D.C.: I suffer from clinical depression and mental illness has decimated my family. However, no one talks about the fact many mentally ill people can also be highly manipulative. How can one accomodate someone suffering from a illness without making those who don't feel as if they are being punished for being OK? This is a family and work issue.

Stephen Hinshaw: Tricky one here. Being manipulative is not the exclusive province of those with mental illness! Remember that it is important not to reinforce stereotypes -- some people with mental illnesses are highly manipulative, but others are not at all. Important, though, to reinforce those who don't 'work the system' for their ethical behavior!


Washington, D.C.: I was somewhat surprised that, according to your article, employers can ask you whether you have a mental illness if they have made a "conditional offer" to you. What does that mean exactly? What is a conditional offer?

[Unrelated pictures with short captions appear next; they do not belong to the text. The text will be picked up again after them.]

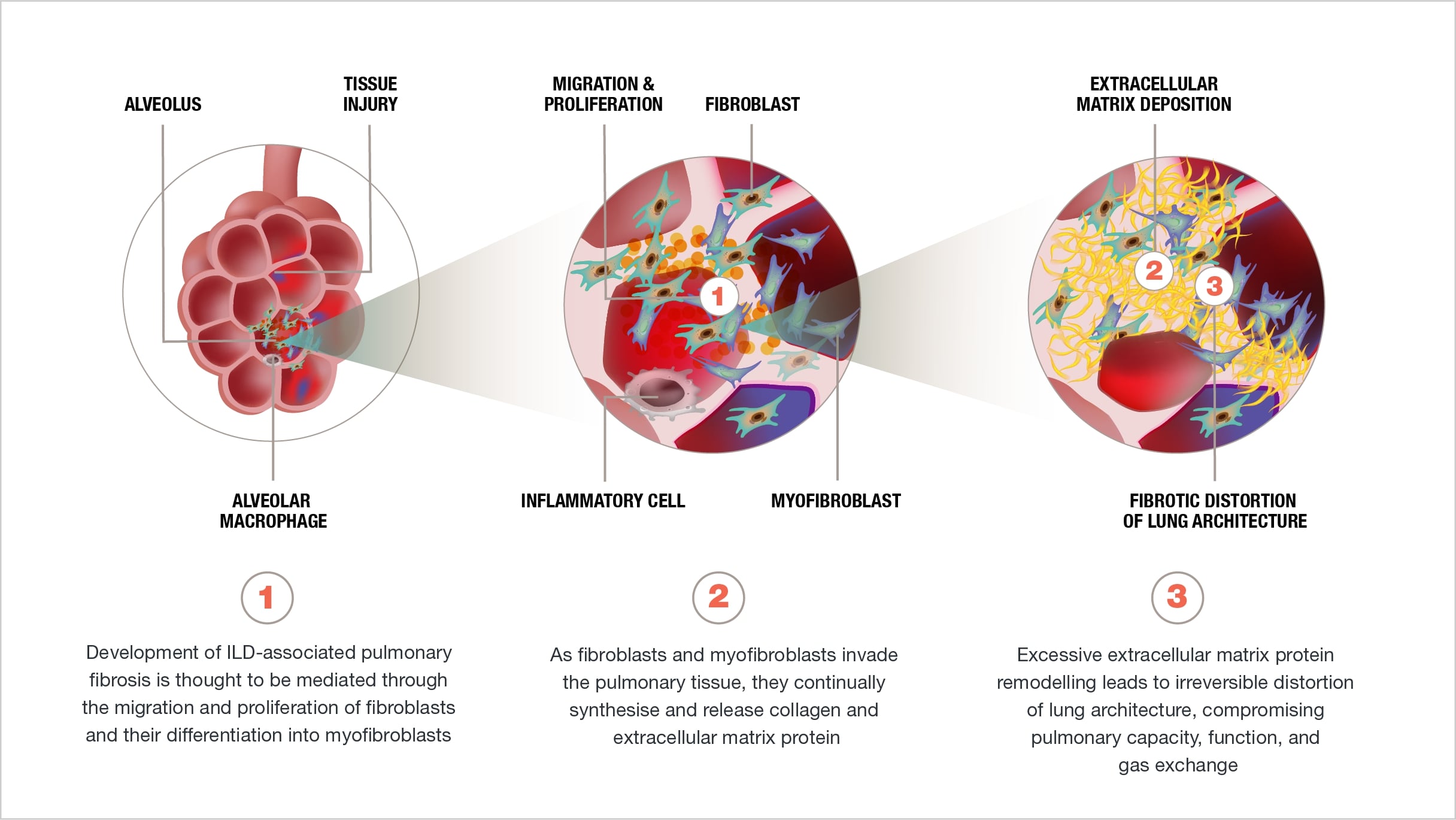 Pathogenic pathways of fibrogenesis in ILDs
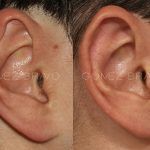 Otoplasty 11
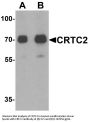 Anti-CRTC2 Antibody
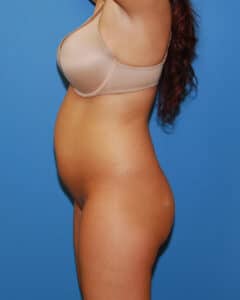 hip augmentation brazilian15 case748 chicago breast and body1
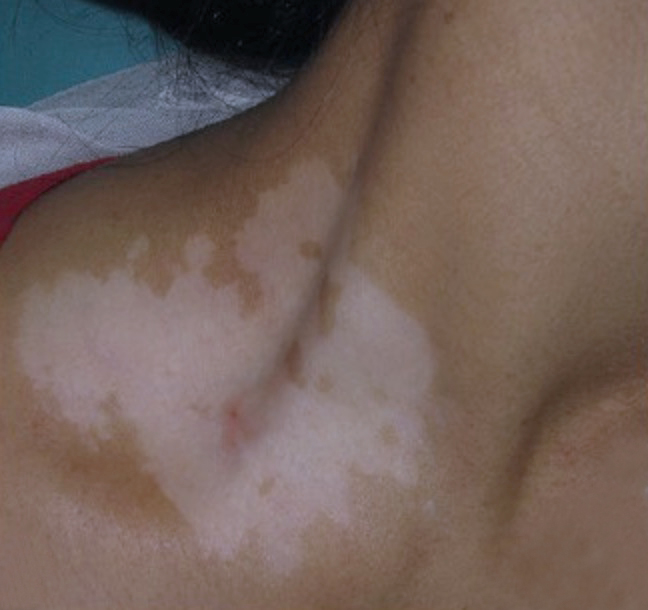 Poikiloderma of Civatte on neck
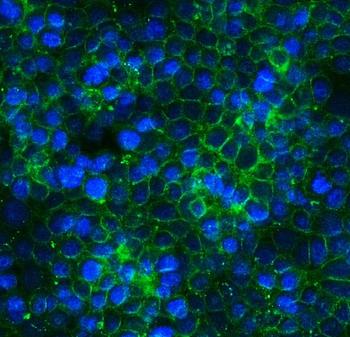 Anti-Claudin 3/CLDN3 Antibody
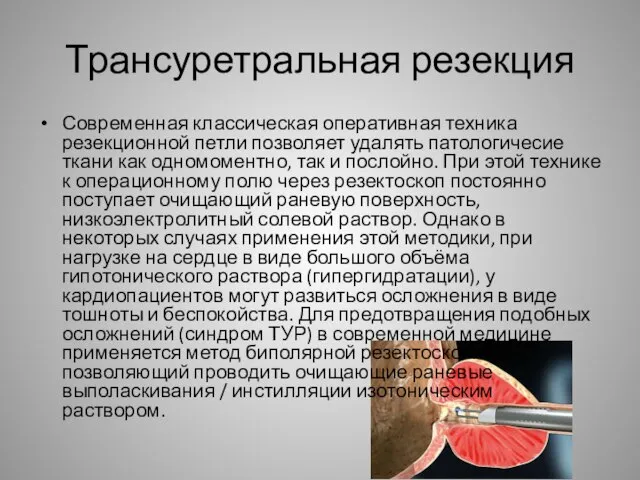 Трансуретральная резекция Современная классическая оперативная техника резекционной петли позволяет удалять патологичесие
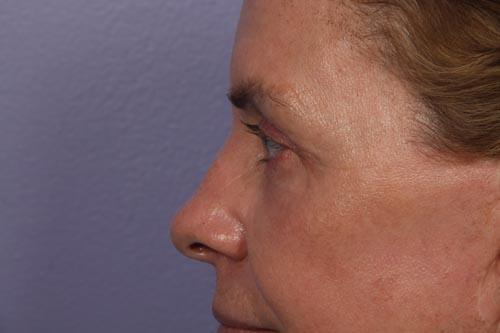 Eyelid Surgery Before & After Image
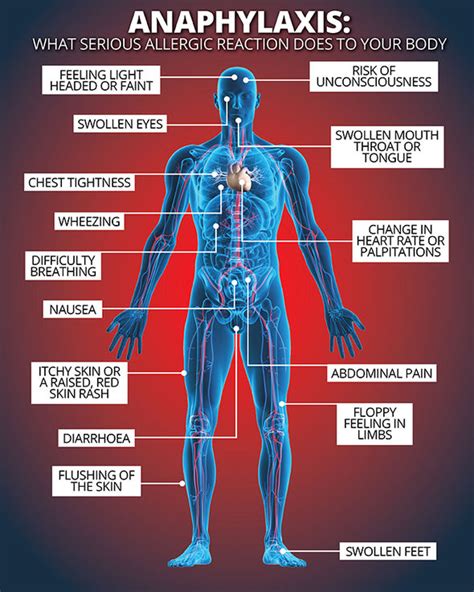 Anaphylaxis: Do YOU know the symptoms of a severe allergic reaction ...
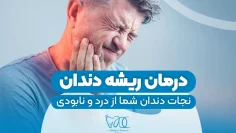 root-canal-treatment 1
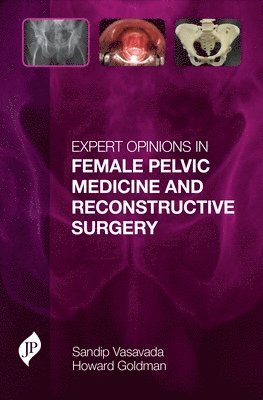 Expert Opinions in Female Pelvic Medicine and Reconstructive Surgery 1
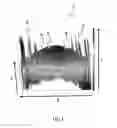 Fig. 02 - Apparatus for optical coherence tomography of an eye and method for optical coherence tomography of an eye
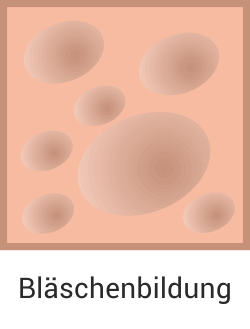 Bläschenbildung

Also, can an extended leave of absence to treat a mental illness be considered a "reasonable accomodation" under the ADA?

Stephen Hinshaw: I would need to be (or consult with) a lawyer to answer this very good first question accurately.

As for the second one, I think that this could be considered such an accommodation, but asking HR or EAP may be the best course here.


West Coast: Is there a difference between a mental illness and a personality disorder? Are both covered under ADA rules?

Stephen Hinshaw: Personality disorders are considered a form of mental illness, technically on "axis II" of the DSM rather than "axis I." Both forms should be covered. Good luck.


Amy Joyce: Thanks all. I hope we were helpful to you today. Much thanks to Dr. Hinshaw, whose answers were enlightening to me, as well.